> Source material:

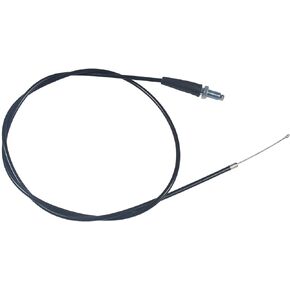 Miaowa Throttle Cable Casing 52" Long Hand Grip For 212cc 196cc Go Kart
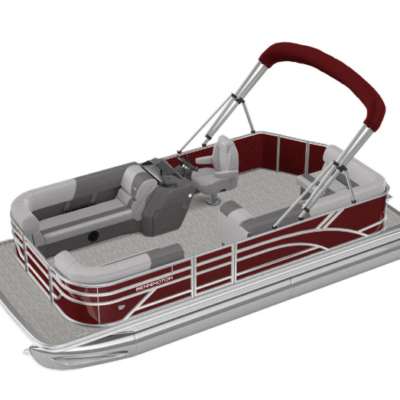 2027 Bennington 18′ S Cruise Narrow Beam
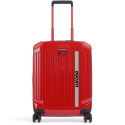 Валіза Piquadro Pop (POP) Red Маленька BV4425POPD_R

> Your task: After locating the line with "2027 Bennington 18′ S Cruise Narrow Beam" in the listing above, transcribe it and every line after it to the last, exactly, with no pictures.

> Answer to this problem:
 2027 Bennington 18′ S Cruise Narrow Beam
 Валіза Piquadro Pop (POP) Red Маленька BV4425POPD_R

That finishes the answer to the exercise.